Jake Carroll jake.carroll at uq.edu.au
Sat Aug 11 03:18:28 BST 2018


Just to chime in on this...

We have experienced a lot of problems as a result of the independent fileset limitation @ 1000. We have a very large campus wide deployment that relies upon filesets for collection management of large (and small) scientific data outputs. Every human who uses our GPFS AFM fabric gets a "collection", which is an independent fileset. Some may say this was an unwise design choice - but it was deliberate and related to security, namespace and inode isolation. It is a considered decision. Just not considered _enough_ given the 1000 fileset limit ;).
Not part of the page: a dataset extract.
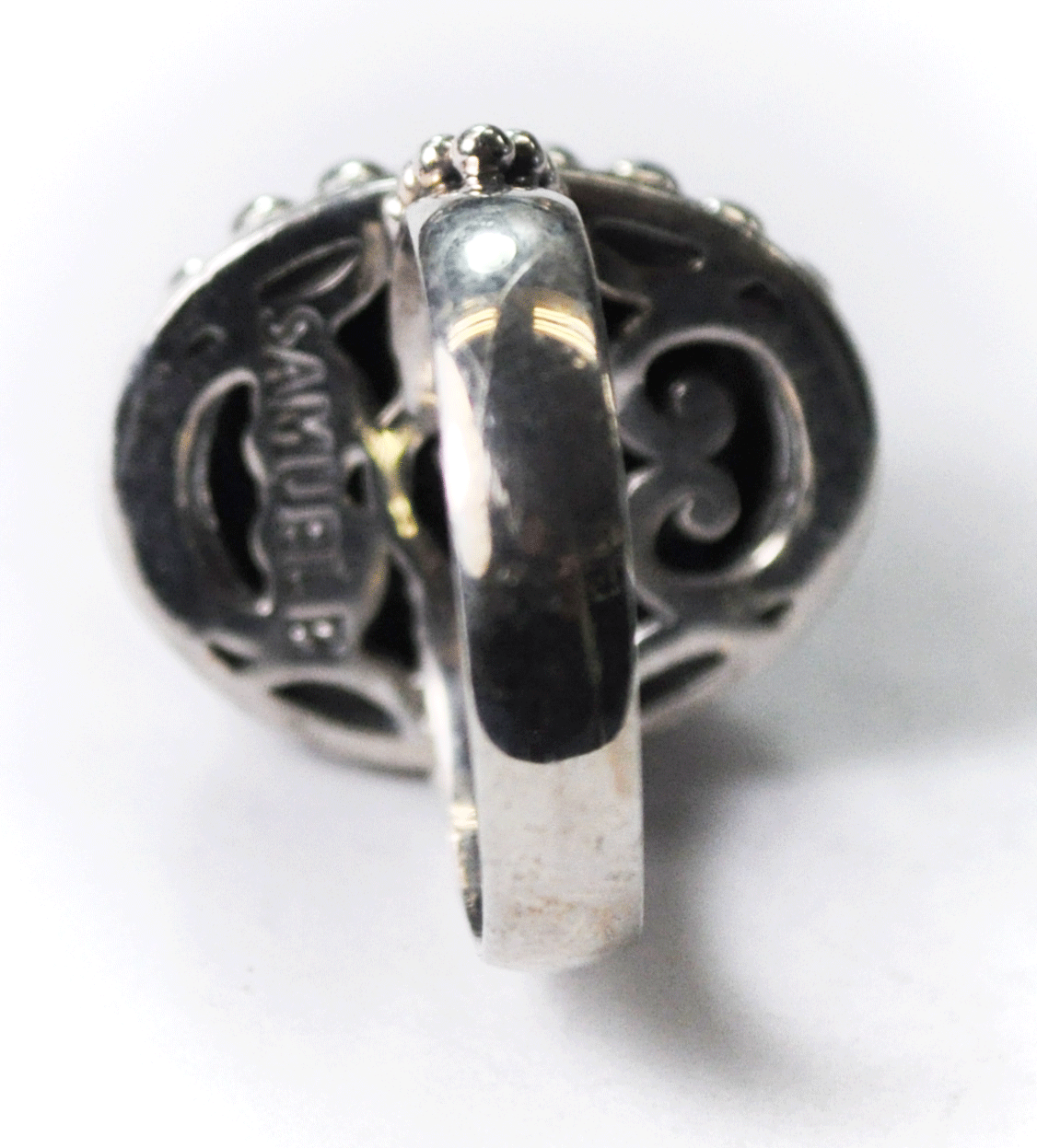 Sterling Silver Samuel B Black Onyx Oval 20mm Size 5-3/4 Ring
We've even had to go as far as re-organising entire filesystems (splitting things apart) to sacrifice performance (less spindles for the filesets on top of a filesystem) to work around it - and sometimes spill into entirely new arrays.

I've had it explained to me by internal IBM staff *why* it is hard to fix the fileset limits - and it isn't as straightforward as people think - especially in our case where each fileset is an AFM cache/home relationship - but we desperately need a solution. We logged an RFE. Hopefully others do, also.

The complexity has been explained to me by a very good colleague who has helped us a great deal inside IBM (name withheld to protect the innocent) as a knock on effect of the computational overhead and expense of things _associated_ with independent filesets, like recursing a snapshot tree. So - it really isn't as simple as things appear on the surface - but it doesn't mean we shouldn't try to fix it, I suppose!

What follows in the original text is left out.